*Activity*
Any pictures in the records below must be left out when you repeat the lines from the line containing "Hey everyone, it's" through the line containing "Technical analysis for" exactly.
##### Data #####
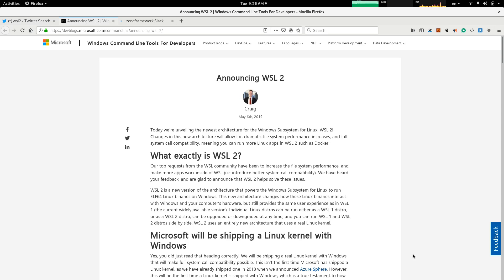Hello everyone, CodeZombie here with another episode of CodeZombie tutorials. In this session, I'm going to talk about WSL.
#####
##### Data #####
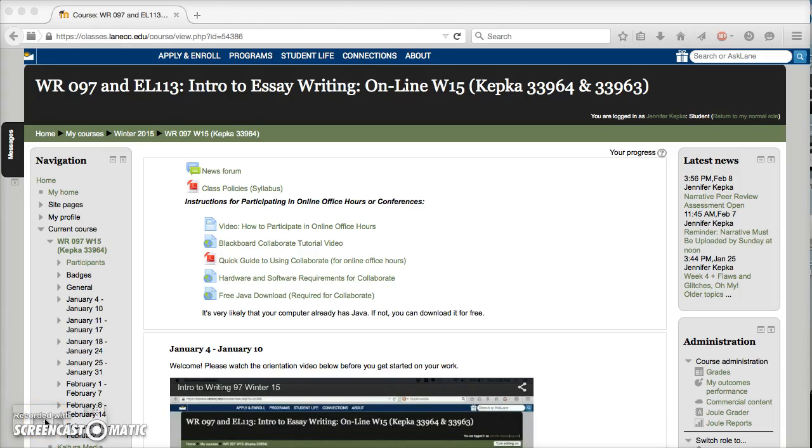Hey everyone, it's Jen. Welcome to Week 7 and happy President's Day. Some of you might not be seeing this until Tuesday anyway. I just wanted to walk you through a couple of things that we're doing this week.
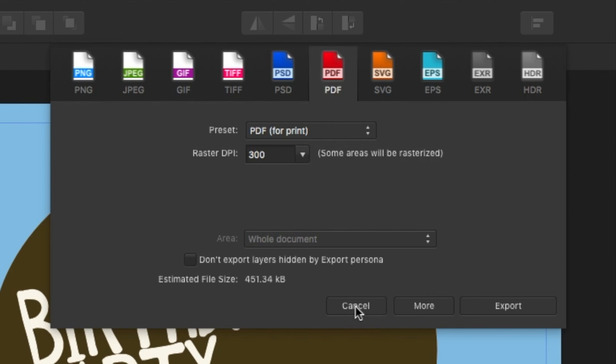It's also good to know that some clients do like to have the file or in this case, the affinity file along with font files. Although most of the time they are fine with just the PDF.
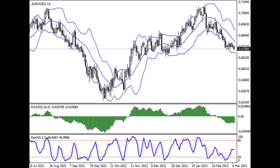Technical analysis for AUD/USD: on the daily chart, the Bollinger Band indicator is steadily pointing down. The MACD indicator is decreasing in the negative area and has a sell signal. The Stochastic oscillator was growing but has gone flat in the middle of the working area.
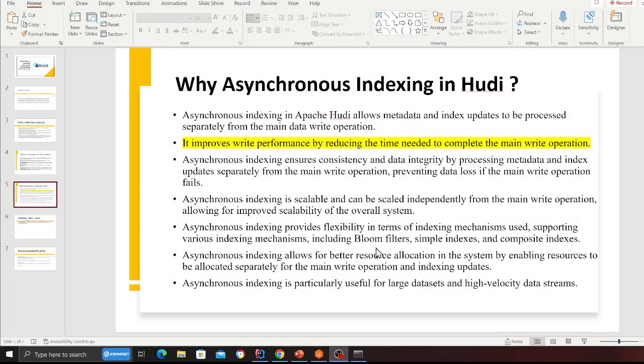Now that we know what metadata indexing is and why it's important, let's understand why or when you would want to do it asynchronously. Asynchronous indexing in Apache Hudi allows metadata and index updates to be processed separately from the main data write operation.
#####
##### Data #####
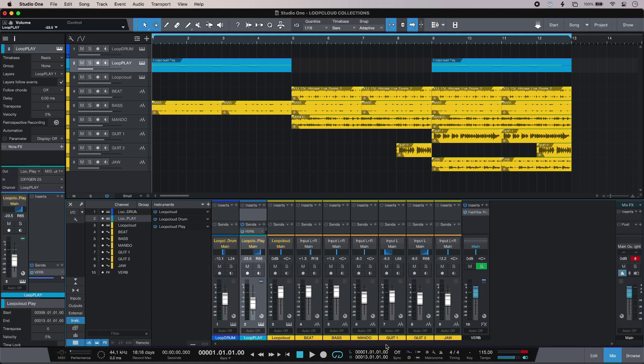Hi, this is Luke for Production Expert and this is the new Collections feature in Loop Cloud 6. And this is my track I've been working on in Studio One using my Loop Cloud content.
#####
*Result of this task*
Hey everyone, it's Jen. Welcome to Week 7 and happy President's Day. Some of you might not be seeing this until Tuesday anyway. I just wanted to walk you through a couple of things that we're doing this week.
It's also good to know that some clients do like to have the file or in this case, the affinity file along with font files. Although most of the time they are fine with just the PDF.
Technical analysis for AUD/USD: on the daily chart, the Bollinger Band indicator is steadily pointing down. The MACD indicator is decreasing in the negative area and has a sell signal. The Stochastic oscillator was growing but has gone flat in the middle of the working area.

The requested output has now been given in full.